While hunting for a data set to try my DTM python port, I came across this paper, and this repository. The paper itself was quite an interesting read and analysed trends of topics in the European Parliament, but what caught my attention was the algorithm they used to perform this analysis – what they called the Dynamic Non-Negative Matrix Factorisation (NMF).
The reason for my interest in it was obvious, because the authors claimed it to be a method to identify Dynamic Topics in a corpus – the exact same thing I am attempting to do.
The GitHub page mentions their steps to run their algorithm and to clean the data [the dataset on the page is not the same as described in the paper – it is instead of news transcripts split into Entertainment, Business, Politics, Technology and Football spanning over 3 months]. I decided to clean the data myself, and store it in the Blei-LDA format – it becomes easier to use it for my DTM code that way if I want to. Cleaning involved the usual – splitting up each document line by line and then word by word, removing stop words, and using the handy Gensim corpora class to store it to disk in the Blei format. The authors of the paper have described their own way of cleaning (by running the scripts on their repo), so you can do that as well.
Soon after getting my corpus ready, I sat down to figure out how exactly the Dynamic NMF works – only to realise it is quite, quite different from the Dynamic Topic Model. While the idea of identifying the evolution of topics over time, the approach was quite different. Before getting into it, if you aren’t sure what LDA or DTM is, have a look at this and the resources there to refresh your memory/understand it.
So in Blei’s DTM, the hyperparameters of the previous time-slice influence the ones on the next – that is to say, the words in the topics of an older time slice directly affect the words of the topic in the next time-slice. In Dynamic NMF, the idea is to ‘discover’ what the authors call dynamic topics.
They do this in 2 steps – first, by separating the corpus into it’s time-slices or windows. The NMF algorithm is then run on each of these windows, and we get topics for each time-slice. Then, another matrix is constructed which contains the top terms from each matrix as it’s columns. In the second step the NMF algorithm is applied again, with the number of topics decided after applying a W2V Coherence measure described in the paper. I’ve diluted the exact approach to make it more palatable – I would highly recommend going through the ‘Methods’ section of the paper and go through it yourself.

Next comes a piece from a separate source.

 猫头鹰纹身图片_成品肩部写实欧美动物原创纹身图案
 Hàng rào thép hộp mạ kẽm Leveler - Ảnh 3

What the above means is that there isn’t an identification of topics from the very start – rather, after finding a certain number of topics in each time-slice, the ones which are semantically similar are grouped together as ‘dynamic topics’. This is quite different from the original DTM, where topics are fixed from the start and evolve in each time-slice. We can also see a similar evolution in NMF, but it’s a little ‘looser’. The words in DTM tend to not change so rapidly in each time-slice.
Both are effective methods but have different approaches and give slightly different results. I’ll try and do a blog post next week comparing the results of both on the same corpus – and hopefully with my DTM python wrapper!